This locomotive was probably built as works number 48 by E Borrows and Sons in 1906 for the United Glass Bottle Co. Ltd. works at St. Helens.
Between 1875 and 1910 this firm built some 38 known examples of this type of 0-4-0 well-tank, with works numbers ranging from 1 to 55. The works number of The King has never been known for certain. Some extensive research has been done on Borrows locomotives by Mr. B. Roberts of the Stephenson Locomotive Society, which suggests that The King was probably No. 48 in the Borrows list. It seems certain that this design of four-wheel well-tank was first built in St. Helens by James Cross & Co. during the 1860s, the first two being Ant of 1866 and Bee of 1868. The Borrows series can be said to be a direct development of these two locomotives by Cross.
In 1923, The King was transferred by United Glass Bottle Co.

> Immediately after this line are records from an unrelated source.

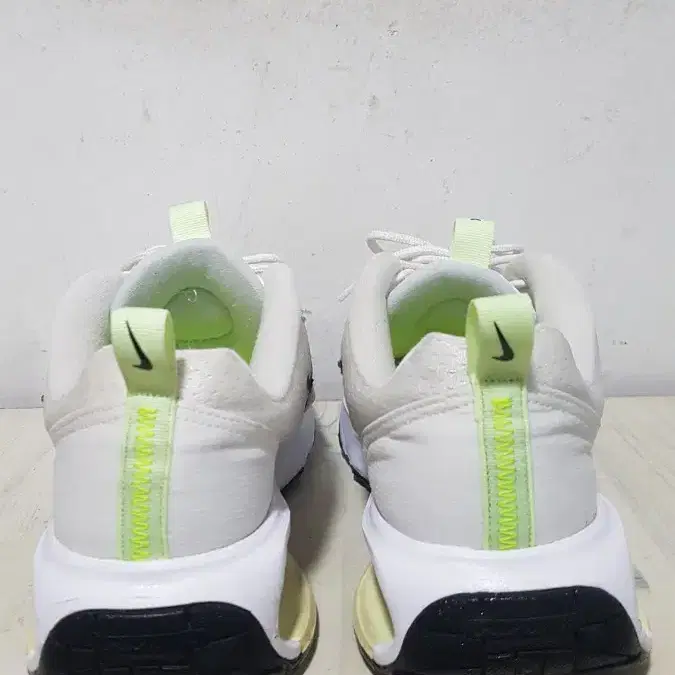 택포 265/270 정품 NIKE AIR-MAX 인터락 쿠션 스니커즈!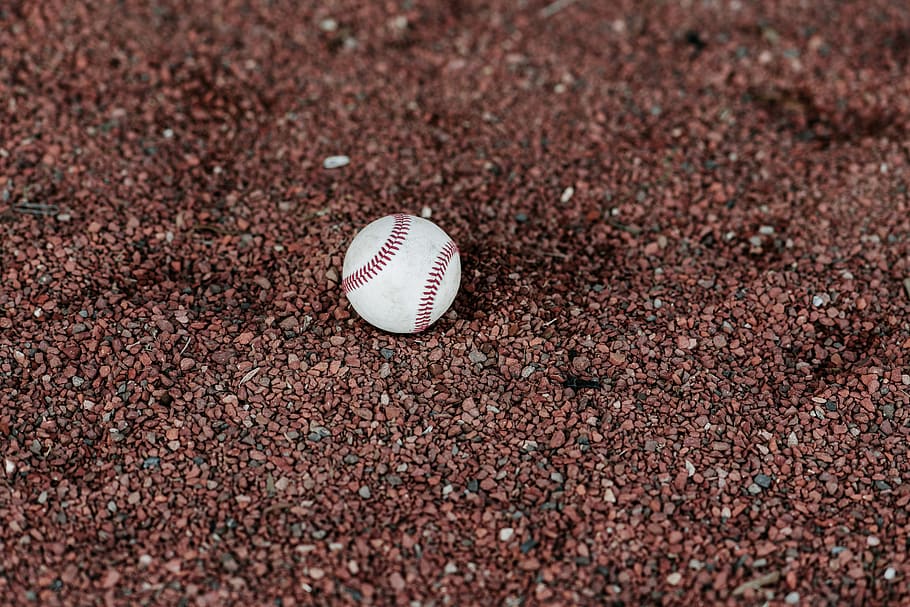 hvid, baseball, jord, sport, hold, holdsport, tøj, beklædning, softball, handske, baseball handske, vej, bold, sfære, grusvej, grus, baseball bat, udendørs, græsarealer, Mark, baseball - sport, baseball - bold, dag, ingen mennesker, spillerum, sportsudstyr, tæt på, natur, høj vinkel visning, sand, amerikansk fodbold - sport, mønster, selektiv fokusering, Brun, match - sport, 8K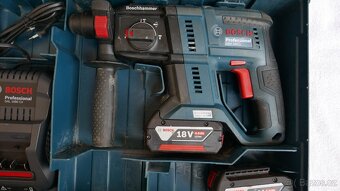 BOSCH GBH 180-LI aku kombi kladivo//2X AKU - 2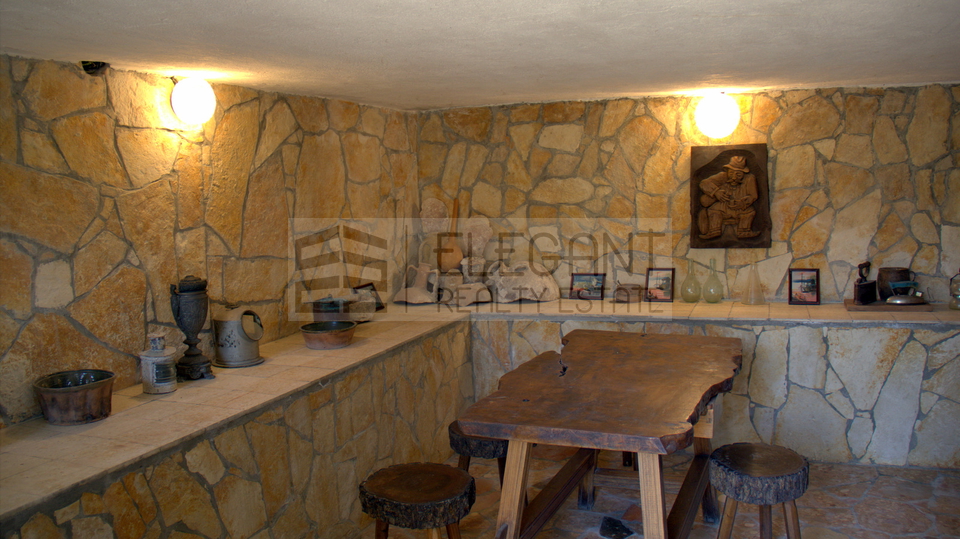 House, 50 m2, For Sale, Murter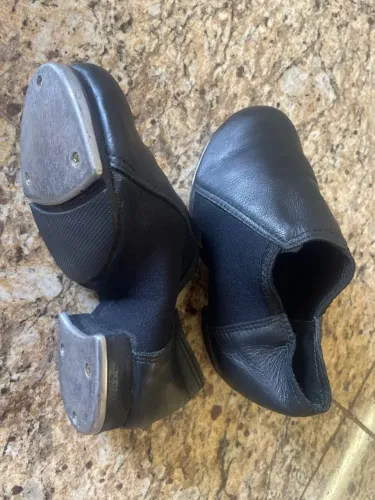 Sapatilha infantil para sapateado em couro preto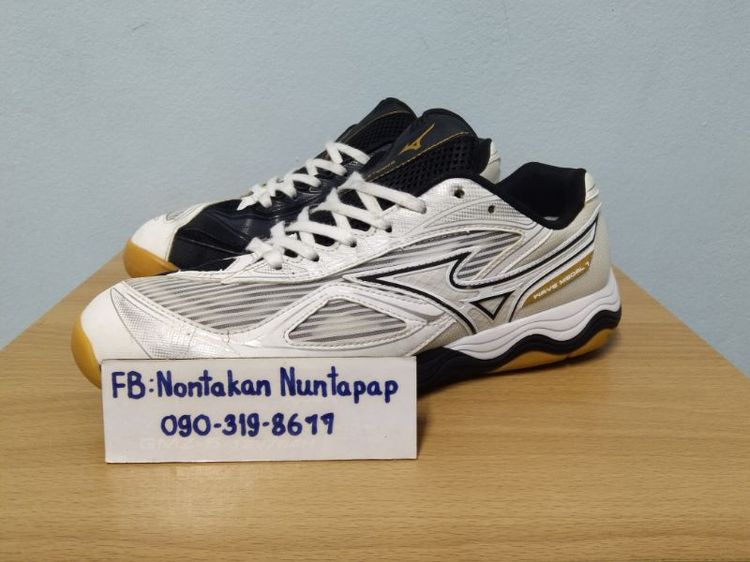 Mizuno Wave Medal 7 สีขาว-ดำSize US8 /EUR40.5 /CM26.0มือ2 สภาพดี พื้นเต็มราคา 900.- รวมส่งครับ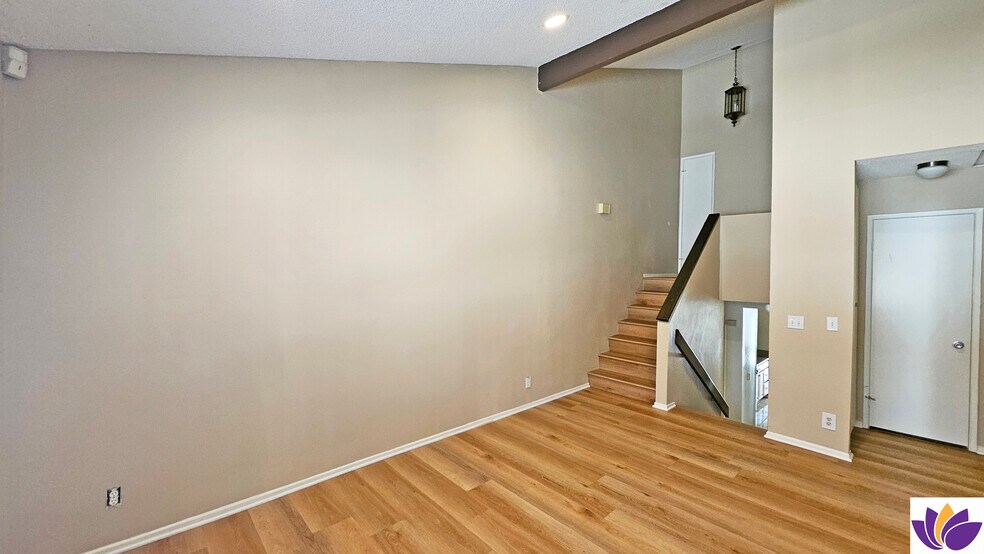 Building Photo - 5800 Owensmouth Ave
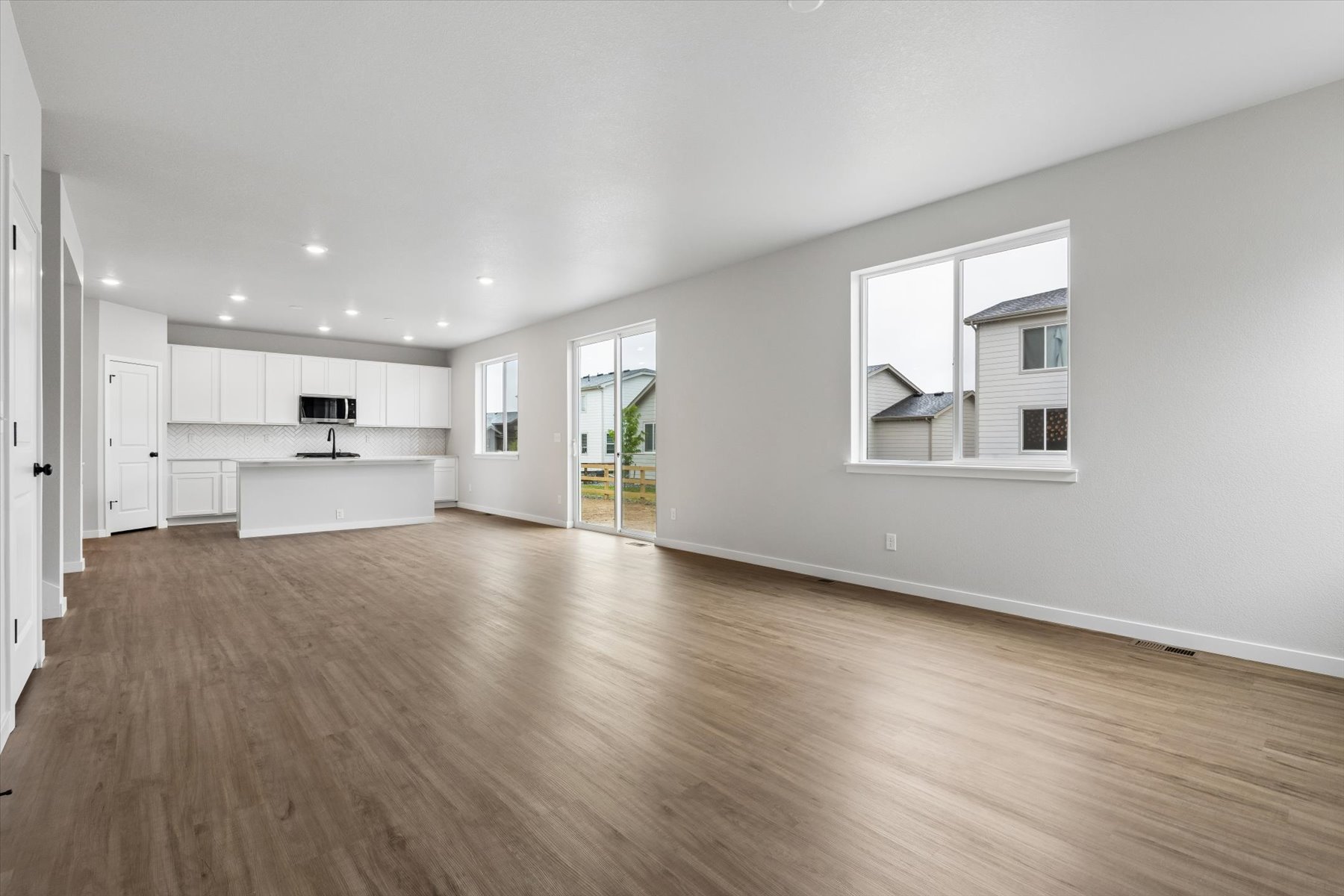 A large empty room.
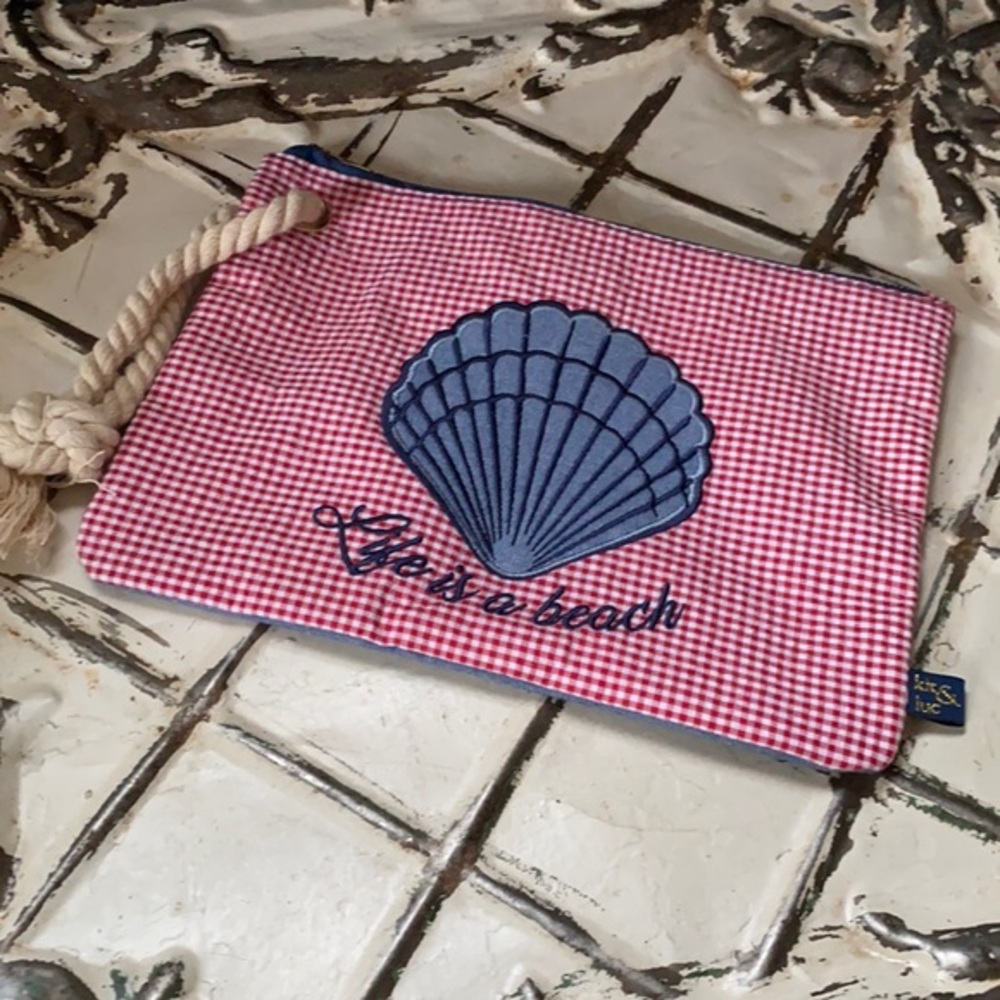 Kit & Luc cosmetic bag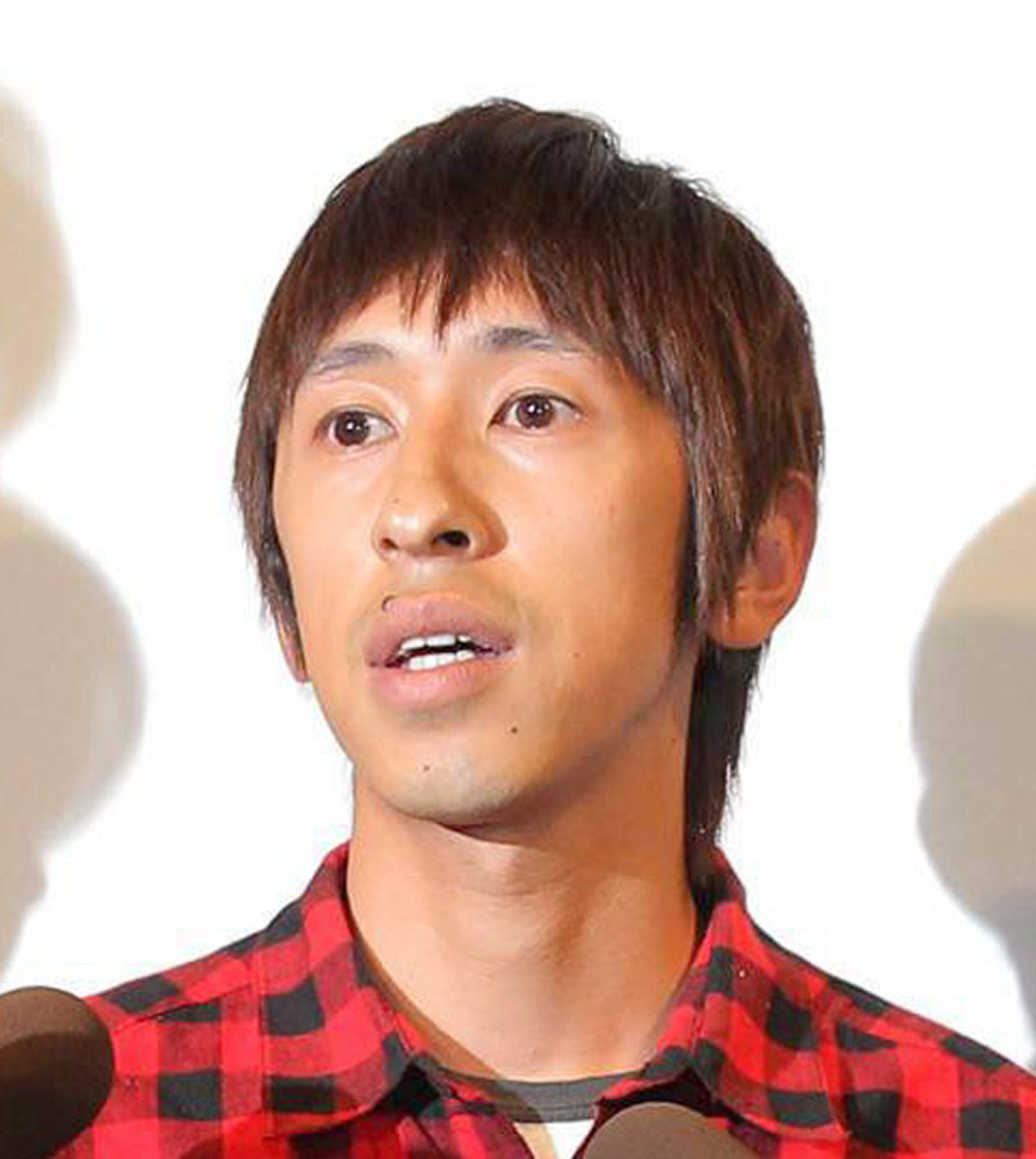 キングコング梶原の現在と年収は？家族の今や西野との絆、休養の真相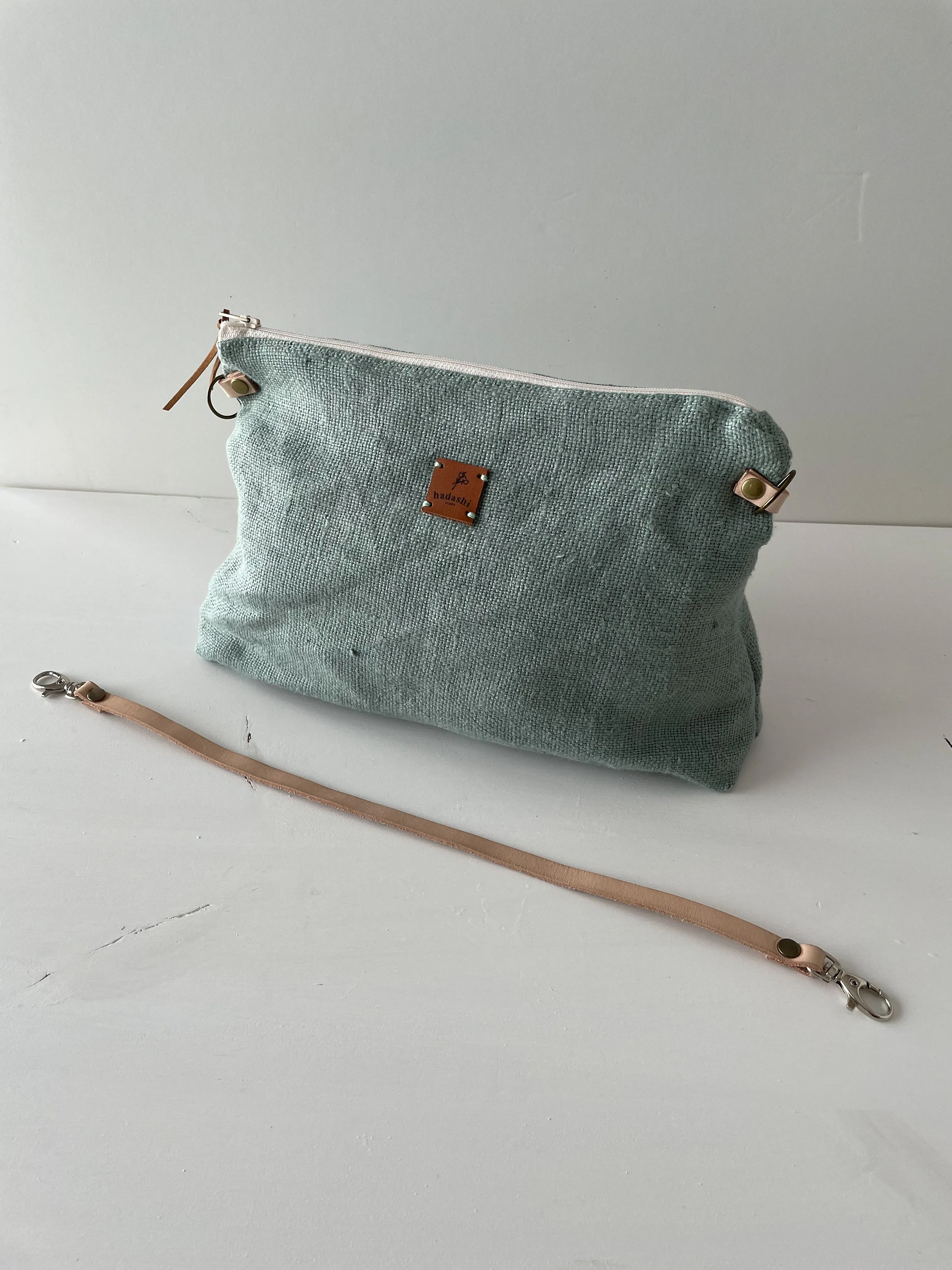 Slouchy pouch: green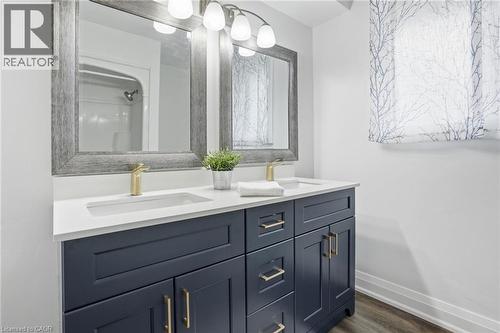 102 Dundee Drive, Caledonia, ON - Indoor Photo Showing Bathroom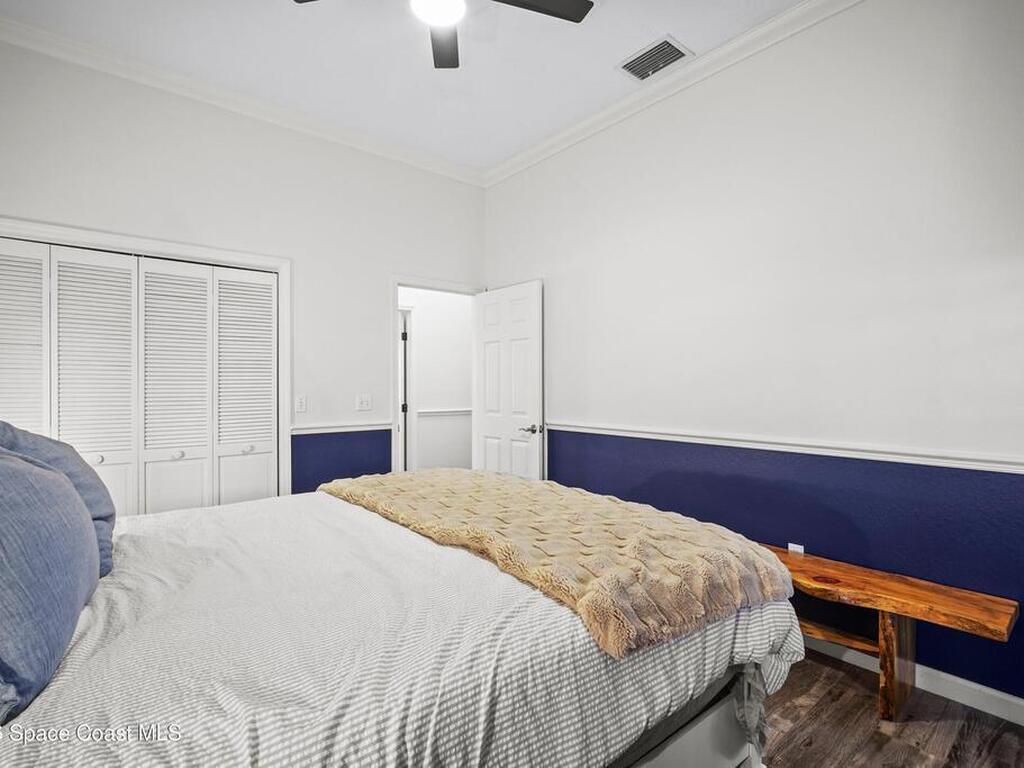 572 Lake Ashley Circle, Melbourne, FL 32904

Ltd. to its works at Charlton, London SE., where it remained in service until the spring of 1967, when it was purchased by the Industrial Preservation Group.
The Shackerstone Railway Society was founded in 1970 to provide a home for the locomotive. During the 1990s it left the Battlefield Line at Shackerstone when it went to the Fleetwood Loco Centre. It was at Fleetwood where it was last steamed during the 1990s.
It was transferred to the Ribble Steam Railway in March 2002. The locomotive itself is likely to be too small to see regular service on the railway, and has been initially be restored for museum exhibition.
The locomotive is owned by P. Steer and P. Probert.